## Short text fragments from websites

· · · · ·

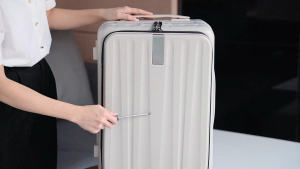 Hanke One Side Open Expandable Anti-Theft Zipper Luggage (20/24/26")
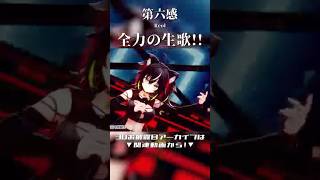 【#3DLIVE】Vsingerの全力生歌!!『第六感 - Reol』 #三日月ちゆる3Dお披露目 #3D #vsinger #Reol #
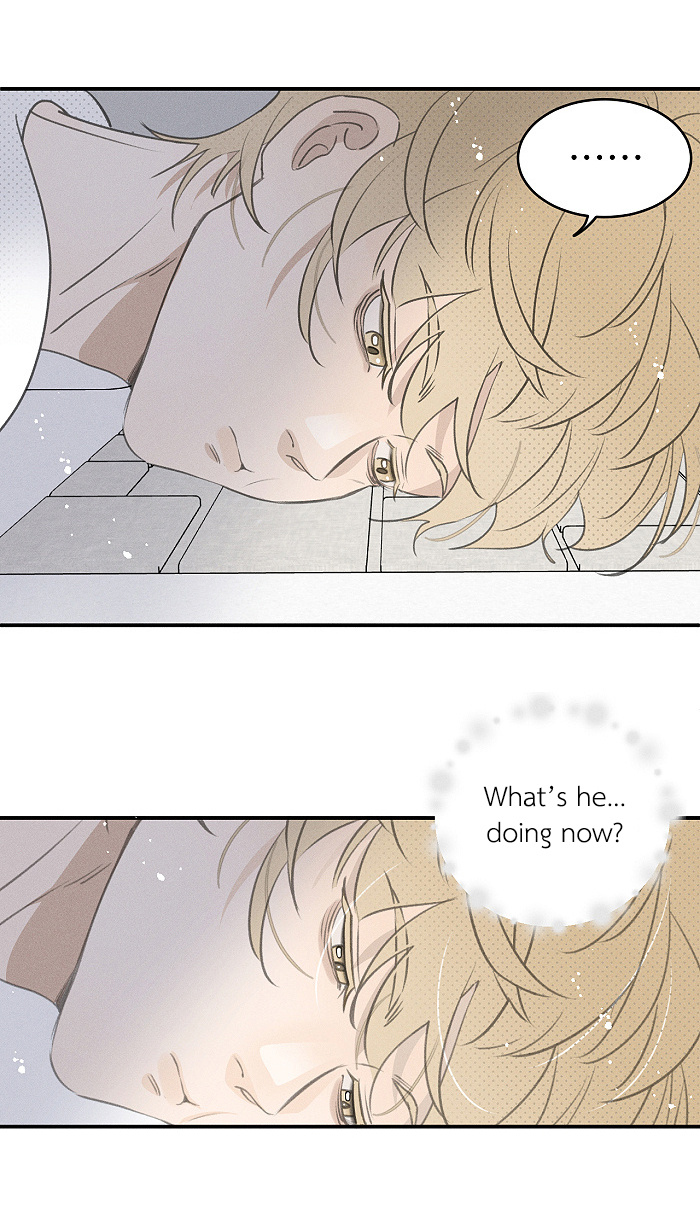 Yán Yǒu Chapter 137 page 9 - 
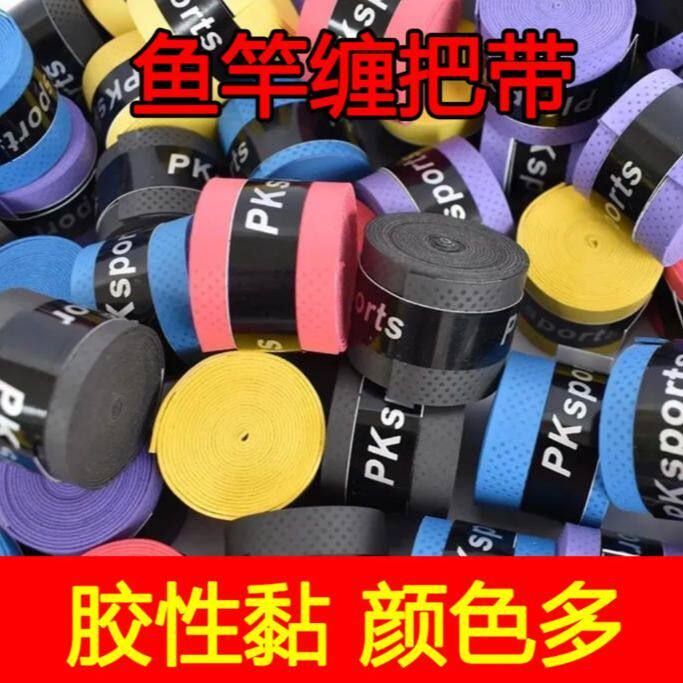羽毛球拍小配件便宜的防
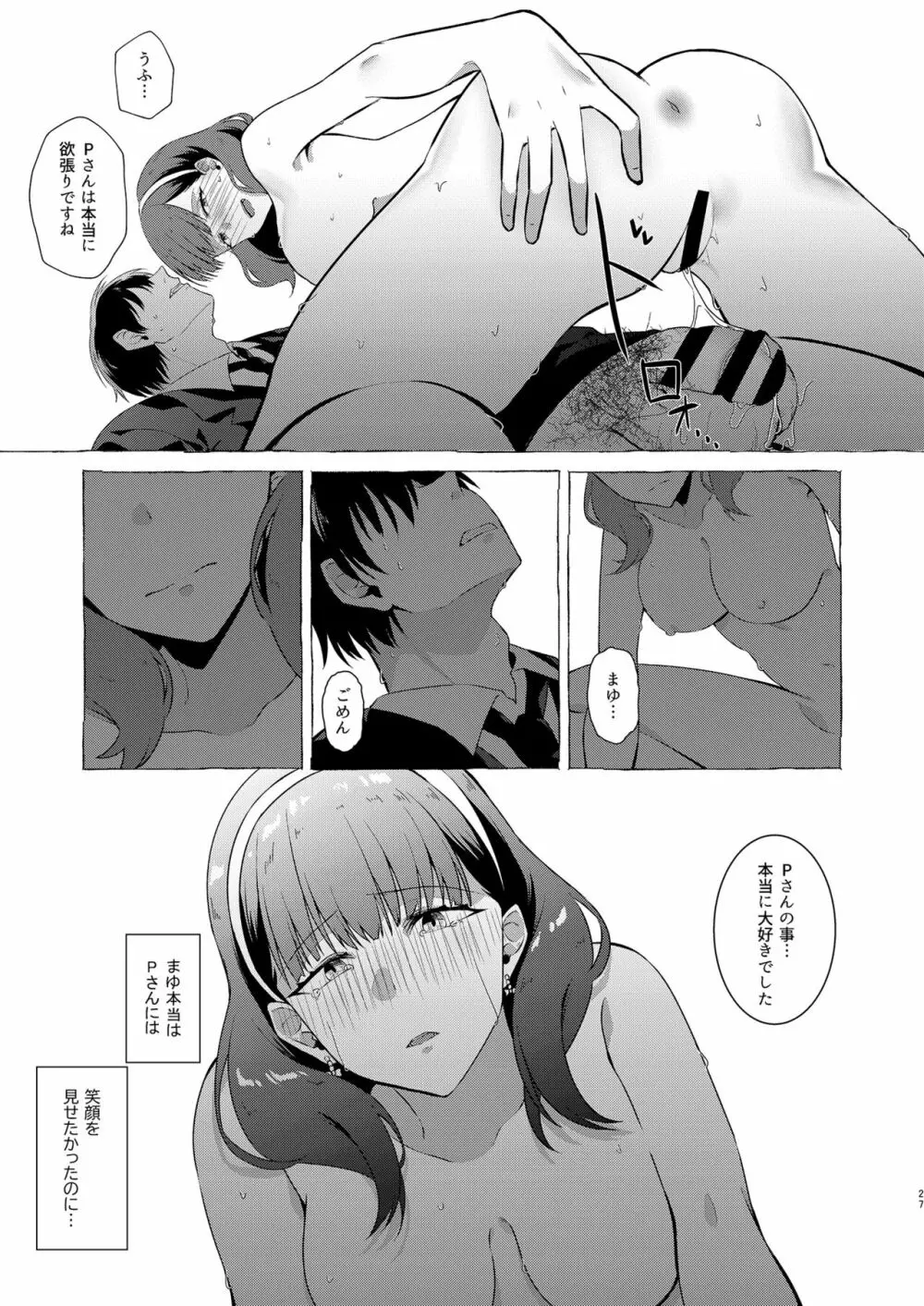 オキナグサ - page27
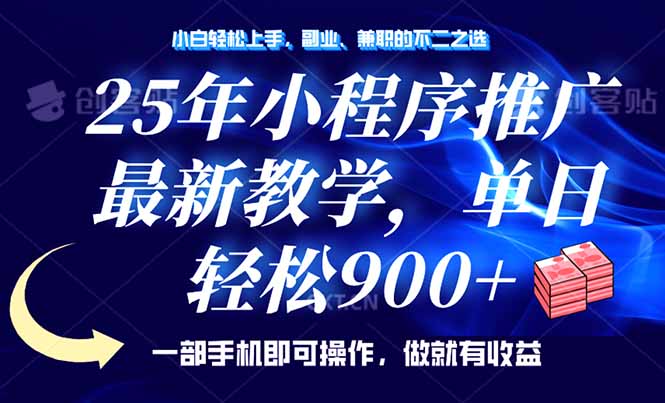 25年小程序推广，最新教学，单日轻松变现900+，一部手机就可操作，小白…-温馨分享网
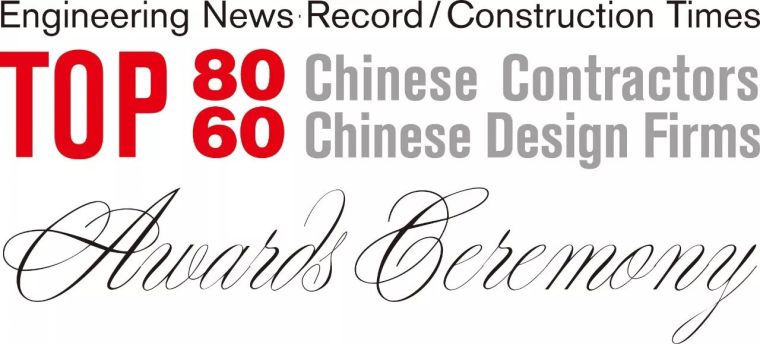 中国电气企业排名资料下载-最新中国承包商80强和工程设计企业60强，你们公司上榜了吗？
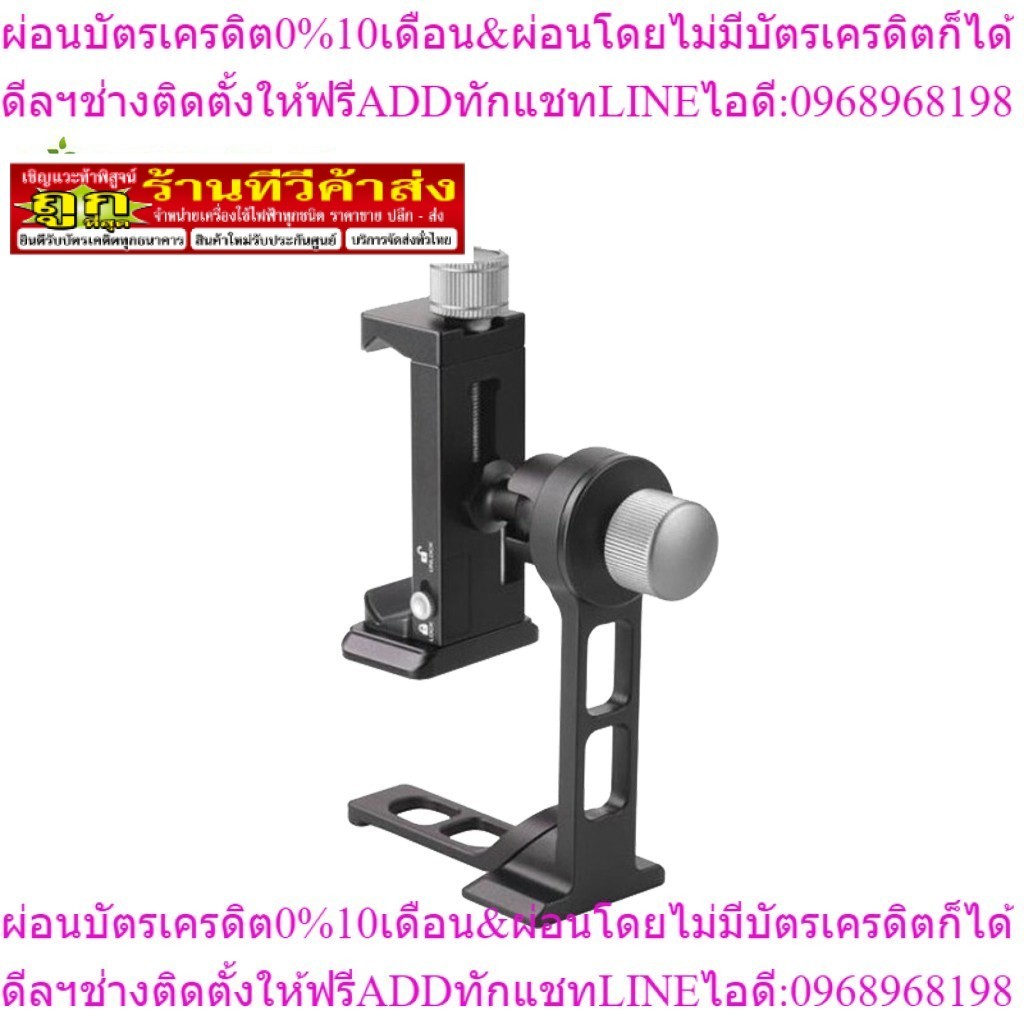 Hilight PC-90II Smartphone Table Holder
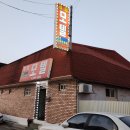 금파약국 이미지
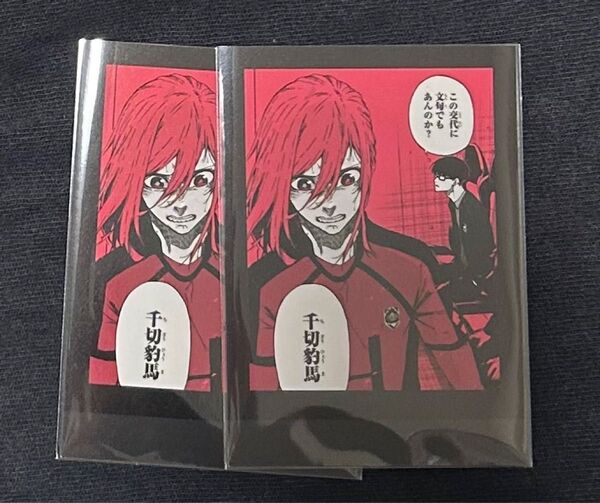 ブルーロック ブルロ 千切豹馬 モノクロカード モノカ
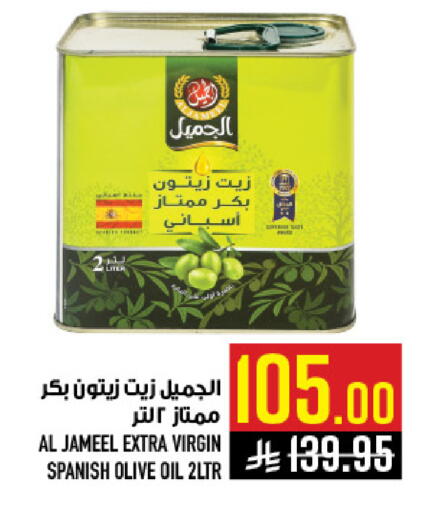 available at Abraj Hypermarket in KSA, Saudi Arabia, Saudi - Mecca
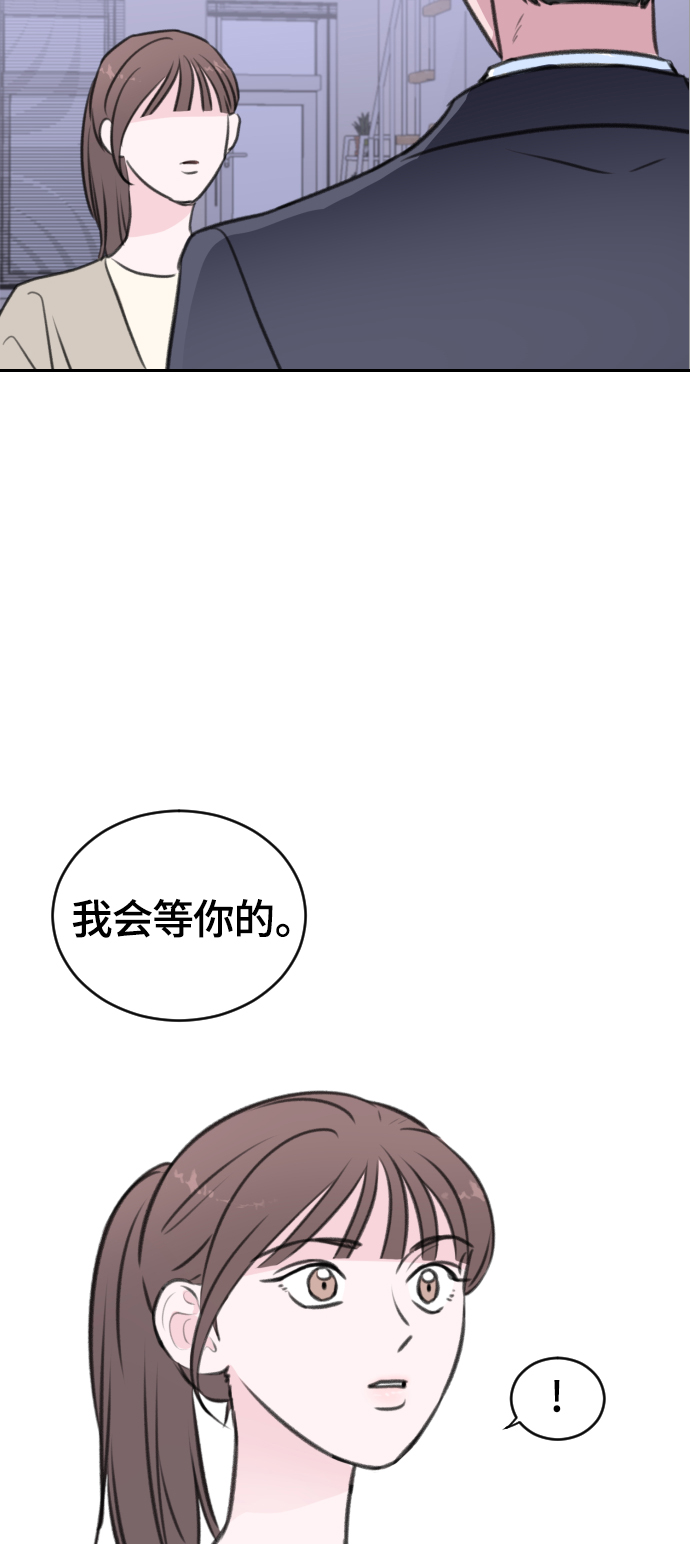 第18话31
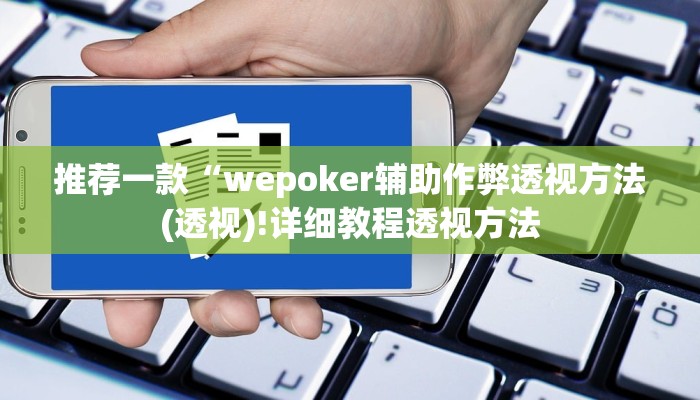 实测辅助wepoker透视挂破解版(透视)功能”学会包赢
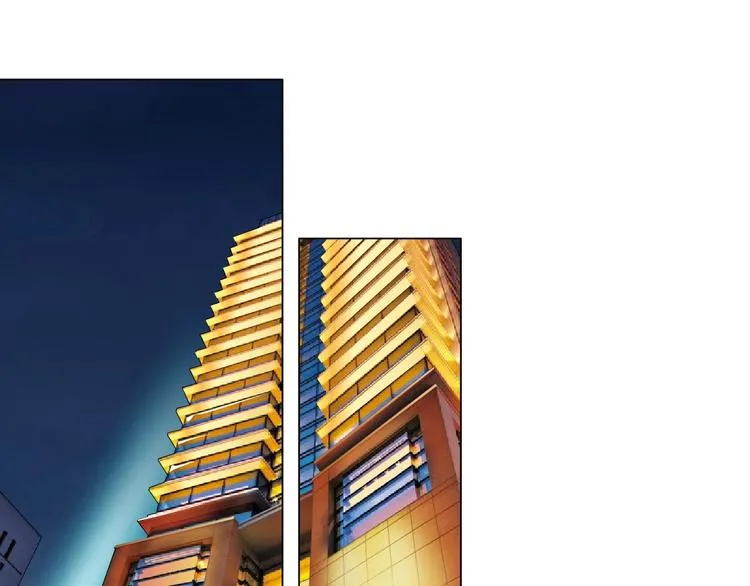 第59话 挑衅 第7页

· · · · ·

## REQUIRED WORK
Copy out, exactly and without pictures, each line from the one containing "25年小程序推广，最新教学，" through the final line of the entries, both ends included.

## COMPLETED EXERCISE
 25年小程序推广，最新教学，单日轻松变现900+，一部手机就可操作，小白…-温馨分享网
 中国电气企业排名资料下载-最新中国承包商80强和工程设计企业60强，你们公司上榜了吗？
 Hilight PC-90II Smartphone Table Holder
 금파약국 이미지
 ブルーロック ブルロ 千切豹馬 モノクロカード モノカ
 available at Abraj Hypermarket in KSA, Saudi Arabia, Saudi - Mecca
 第18话31
 实测辅助wepoker透视挂破解版(透视)功能”学会包赢
 第59话 挑衅 第7页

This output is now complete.